中国人に「天皇家は万世一系ではない」と言われたらどう思いますか?

単純に不快に思うか否かの質問として、タイトルの質問をします。
どう言い返すかについては聞いていません。この手の質問を不快に思う人が「○○も××だろうに」と言い返したくなる気持ちはわかりますが。
無論、この手の質問に不快に思うことなく「その通りだろう」と答えられる人も多いでしょう。
万世一系を皇祖神天照大神以来とするにしても神武天皇以来とするにしても(そのモデルとなった史実はありえたとしても)学問的にはありえないというものですから。
しかしながら、この手の質問を不快に思う人もいるでしょうし、統計をとったわけではないですが、そういう人と南京事件において「虐殺数30万人はありえない」と言いたがる人とは有意に重なるのではないだろうかと私は考えています。*1
そして、そう考えるがゆえにタイトルの質問をしました。そういう人に自らの言動の心理的効果を自覚してもらうために。
念のために注意しておきますが、天皇家万世一系南京事件虐殺数30万人説は蓋然性が異なりますし、南京事件虐殺数30万人説の蓋然性は低いとはいっても、いくらなんでも天皇家万世一系よりは上というものです。
こういう言い回しが無神経であることは十分に自覚していますが、ある種の人々に理解しやすい表現をするために自覚したうえで行っています。

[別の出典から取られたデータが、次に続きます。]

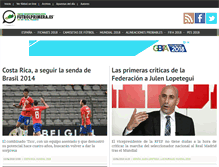 Tablet Screenshot of futbolprimera.es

後、勘違いしている人が多いようなので説明しますが、私個人の見解としては、史実派は30万人説を擁護しているわけではありません。
多くの史実派は30万人説の蓋然性が低いことは認めるでしょう。
ただ、蓋然性が低いこととありえないこととの間には越え難い壁があるというだけの話です。
30万人説を否定するためには史料を積み上げ研究を重ね「虐殺数30万人はありえない」と言えるレベルの蓋然性の極めて高い説を立てそれを世界に認めさせる必要があります。そして、それを実施しようにも敗戦時の日本側の資料焼却や現代も続く日本政府組織の史料非公開がそういう研究を行うことを阻害していたりするのです。
30万人説を否定することが容易にできることではないことは南京事件における秦説がどういうものかを理解している人には常識のことだと思います。
にも関わらず「虐殺数30万人はありえない」とお気楽に発言する人がいるゆえに「(少なくともその程度の根拠では)ありえないなんてことはない」と言わざるをえないのです。
史料を読み込むどころか事件自体についてろくに知らないことが丸わかりな程度の発言をする人が何故お気楽に「虐殺数30万人はありえない」なんて言えるのですか、という話。
もし、本気で30万人説を否定したいなら現状での最適な手段は笠原説を支持することと日中共同研究のさらなる進展を支援することだと私は思います。

*1:まあ、「天皇家万世一系もありえないけど、南京事件虐殺数30万人もありえないよね」と言う人もいるとは思いますが。